But surely Christianity’s greatest gift to mankind was the system of moral theology on which it rested. Quite often, that system failed to prevent—and sometimes abetted—evil, bloodshed, and war, and its tenets were repeatedly ignored, abused, and twisted out of shape. Today’s detractors point out these many flaws with ease.

Yet the core of this Western morality remained intact, revolving around the Decalogue (Ten Commandments) and other Old Testament teachings, as well as the words of Christ in the New Testament enjoining us to care for the poor and the hungry, to love our neighbor, and to serve God with our hearts, and minds, and souls.

In America and abroad, the tides of modernity and secularism have slowly washed that code away over the last century. It has all but disappeared from our public square, and in many cases, even to mention God in certain company is to risk losing friends or being considered at best a crank.

As evidence of this demise, we need look only at the Decalogue. We no longer keep the Sabbath Day holy. Given the recent attacks on our founders and other noted American men and women, it seems we no longer honor our mothers and fathers. Murders, late-term abortions, and our continual wars have buried the law “Thou shalt not kill.” Committing adultery is only one of our multiple sexual practices. Many of us, whether in riots or serving as members of Congress, steal without compunction, and the injunctions against envy have given way to class and racial strife.

For many people, I suspect, the First Commandment, which directs us to honor God, is no longer even a whisper in the heart. Some have replaced God with politics, reckoning that government or ideology will lead them down the road to salvation and heaven on earth. These true believers ignore the countries—Russia, Cambodia, and so many others—that have driven this same highway in the last century, eventually smashing into a wall, but only after murdering millions. Others have toppled God, erecting and worshiping self instead, which, given the foibles of human nature, is an enterprise equally doomed to failure.

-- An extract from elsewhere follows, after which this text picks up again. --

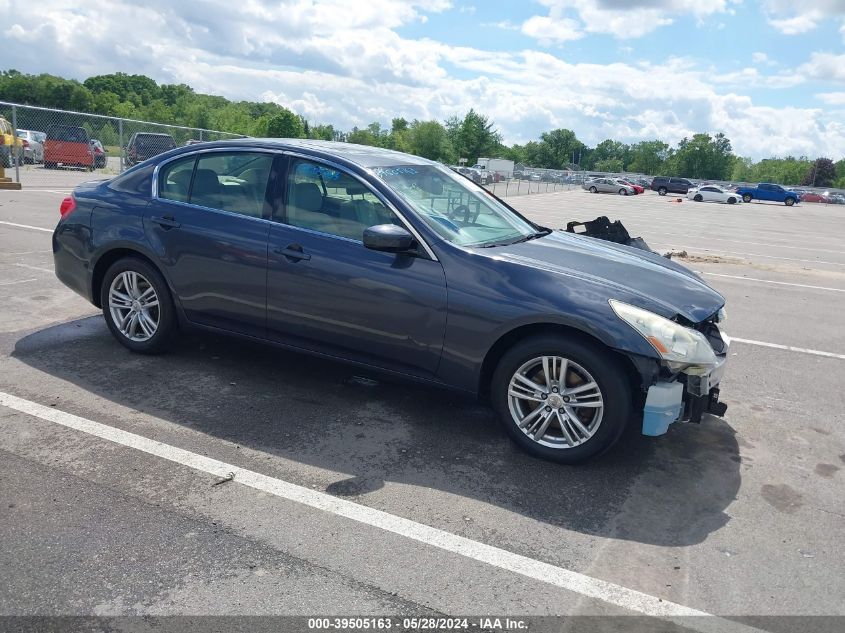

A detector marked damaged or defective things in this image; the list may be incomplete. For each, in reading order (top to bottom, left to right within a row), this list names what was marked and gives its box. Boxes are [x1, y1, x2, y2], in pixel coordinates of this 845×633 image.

damaged front bumper [644, 330, 728, 434]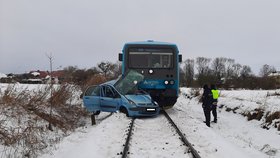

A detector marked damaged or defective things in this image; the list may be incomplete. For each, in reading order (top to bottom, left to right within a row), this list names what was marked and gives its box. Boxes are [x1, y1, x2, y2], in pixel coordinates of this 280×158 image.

damaged blue car [82, 70, 160, 117]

This is not to say that Americans are unkind or miserly. Every day I see my fellow citizens treating one another with respect, helping others and going out of their way to do a good turn. A recent example of this in my own life happened when a fall left me with three broken ribs and a friend stepped up and cared for me for a week.

Taken as a whole, however, without shared common principles our society is a ship on the high seas without a helmsman, maps, or compass. One example of this chaos—and there are many, many others—may be found in the current upheaval regarding the Supreme Court and Roe v. Wade. Enraged that the justices may overturn this ruling, rabid leftists have attacked churches and pro-life centers and issued vicious threats, all the while ignorantly believing that this reversal will end abortion in our country. You won’t find civility in this mob, much less mercy.

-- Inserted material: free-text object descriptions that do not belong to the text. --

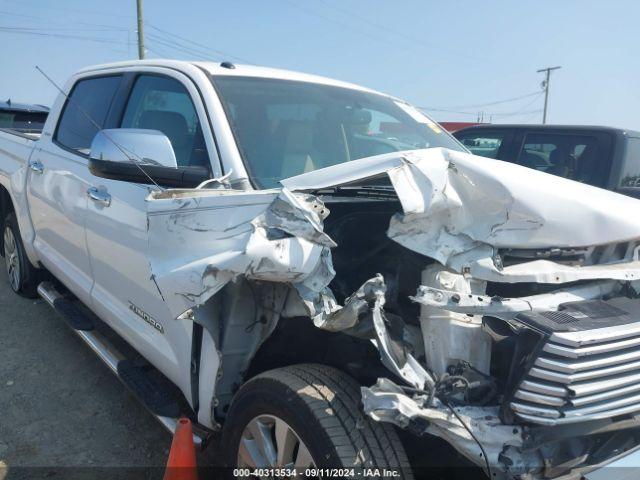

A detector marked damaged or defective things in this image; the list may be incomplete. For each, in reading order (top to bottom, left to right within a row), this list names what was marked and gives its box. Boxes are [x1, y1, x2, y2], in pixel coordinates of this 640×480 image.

torn sheet metal [145, 188, 336, 318]
damaged front end [148, 148, 640, 478]
crumpled hood [284, 148, 640, 249]
torn sheet metal [284, 148, 640, 284]
torn sheet metal [416, 280, 620, 316]
torn sheet metal [362, 378, 528, 476]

The rot in our cultural foundations runs deep, and a sea-change in religious sensibility seems unlikely, yet the distant past does provide a ray of hope—another Christian virtue. In the late Roman Empire, many people converted to Christianity in part because of its promises of salvation and eternal life, but also because they witnessed Christians practicing their beliefs in ways that ran counter to the prevailing culture of violence, misery, and death. They saw men, women, and children living out their faith, and in some cases dying for it. They saw a religion that gentled the human condition.

If like those ancient examples, today’s Christians—and for that matter, non-believers as well—live by a code that respects the dignity of the human person, spurning the ugliness, deformity, and despair endemic in so much of society and serving as models to those around them, those guttering flames of our culture may remain afire.

And who knows? Perhaps decades, even a century from now, those exemplars and their descendants will spark a bonfire of renewal.